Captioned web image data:
+++++
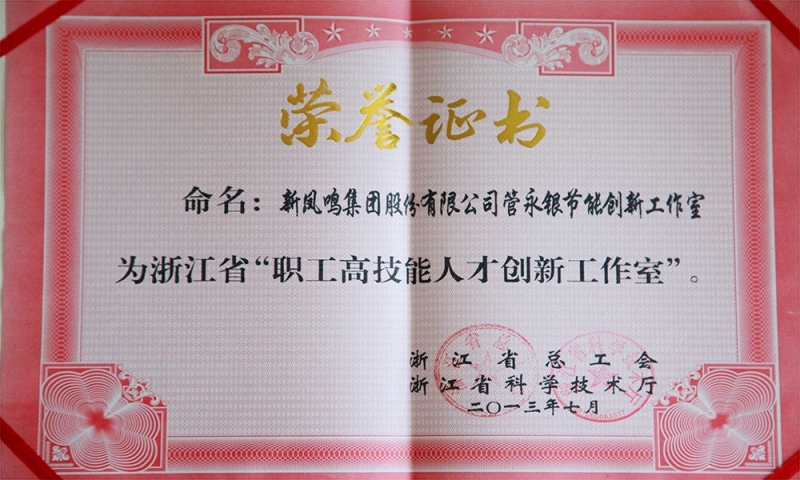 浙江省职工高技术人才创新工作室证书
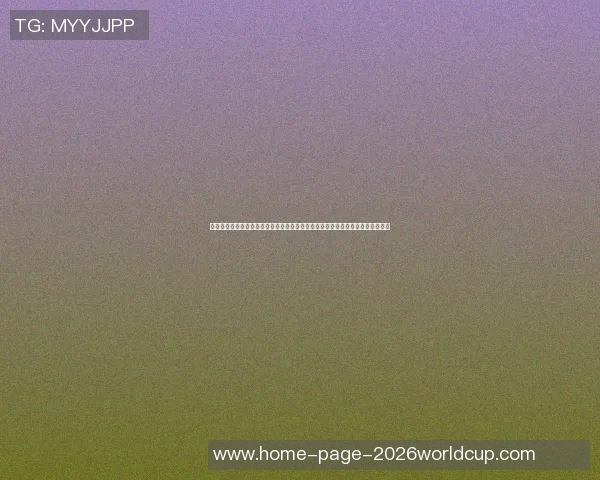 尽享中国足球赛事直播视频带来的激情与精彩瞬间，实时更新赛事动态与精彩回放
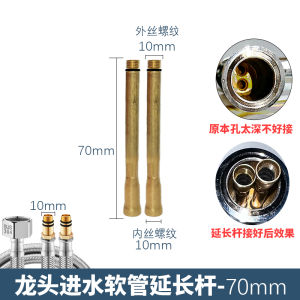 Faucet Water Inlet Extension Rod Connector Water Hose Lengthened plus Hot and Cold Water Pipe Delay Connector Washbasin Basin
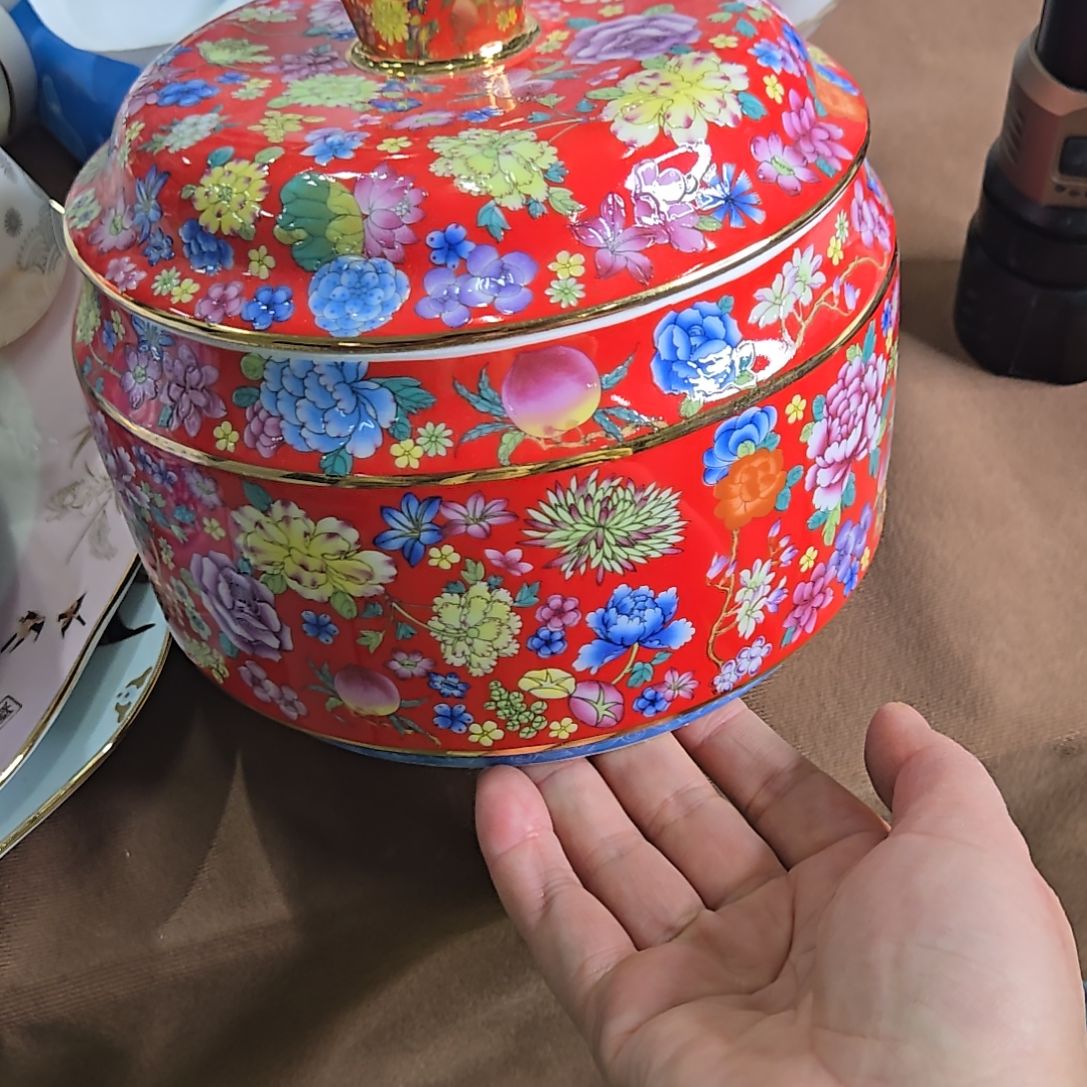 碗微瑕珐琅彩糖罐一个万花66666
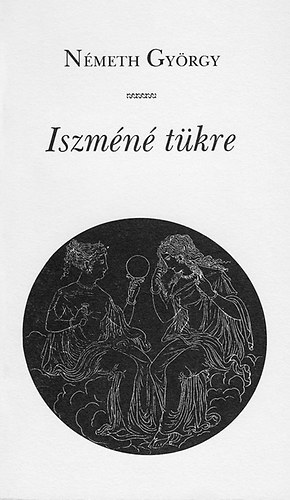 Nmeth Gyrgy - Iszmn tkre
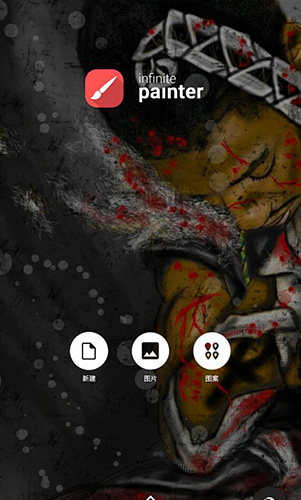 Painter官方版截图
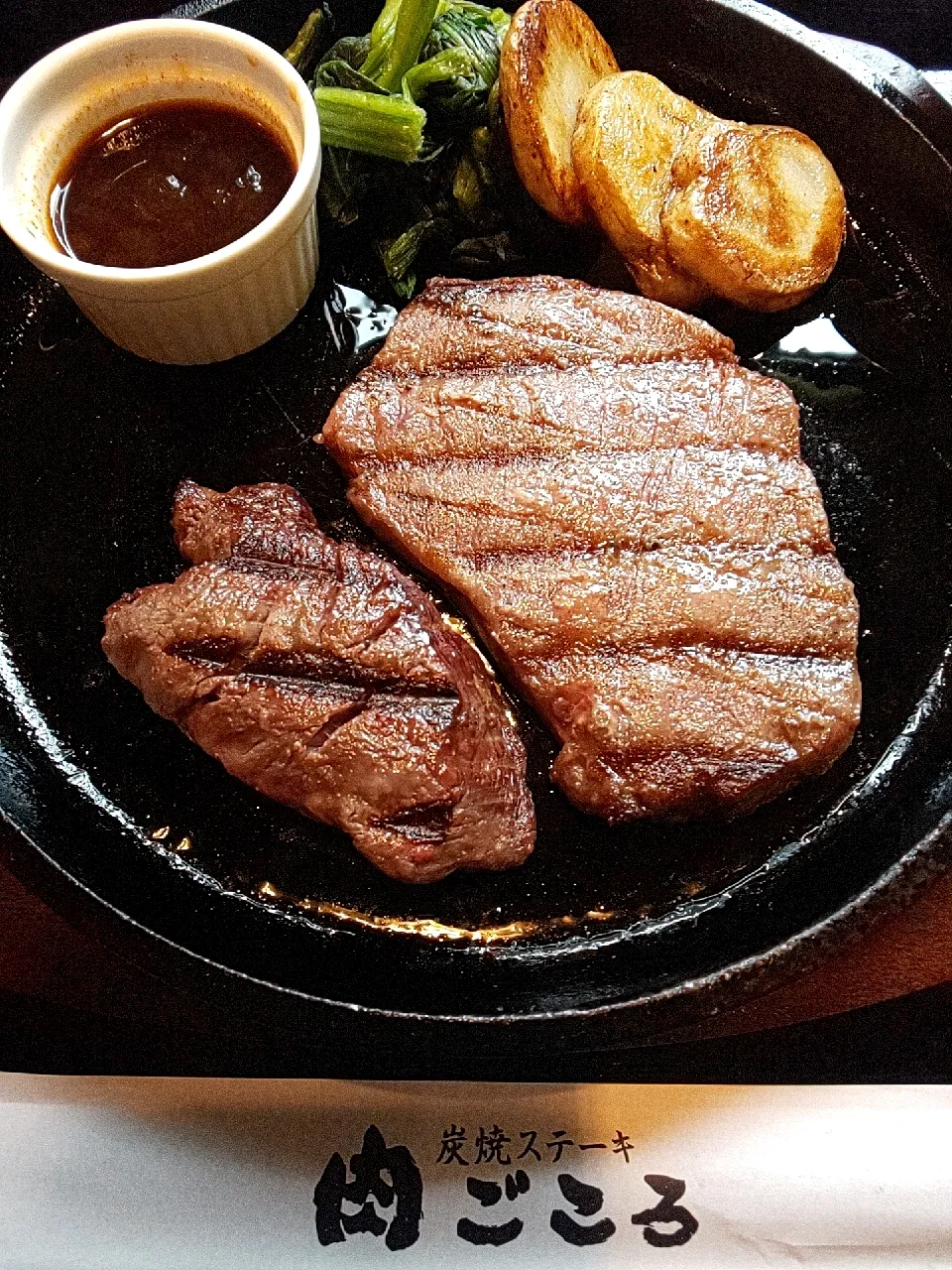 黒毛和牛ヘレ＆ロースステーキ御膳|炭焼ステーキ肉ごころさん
+++++
ASSIGNMENT —
Take the records above from the line with "尽享中国足球赛事直播视频带来的激情与精彩瞬间，实时更新赛事动态与精彩回放" down to their last line and please copy those lines exactly, without the pictures.

RESULT FOR THIS TASK —
 尽享中国足球赛事直播视频带来的激情与精彩瞬间，实时更新赛事动态与精彩回放
 Faucet Water Inlet Extension Rod Connector Water Hose Lengthened plus Hot and Cold Water Pipe Delay Connector Washbasin Basin
 碗微瑕珐琅彩糖罐一个万花66666
 Nmeth Gyrgy - Iszmn tkre
 Painter官方版截图
 黒毛和牛ヘレ＆ロースステーキ御膳|炭焼ステーキ肉ごころさん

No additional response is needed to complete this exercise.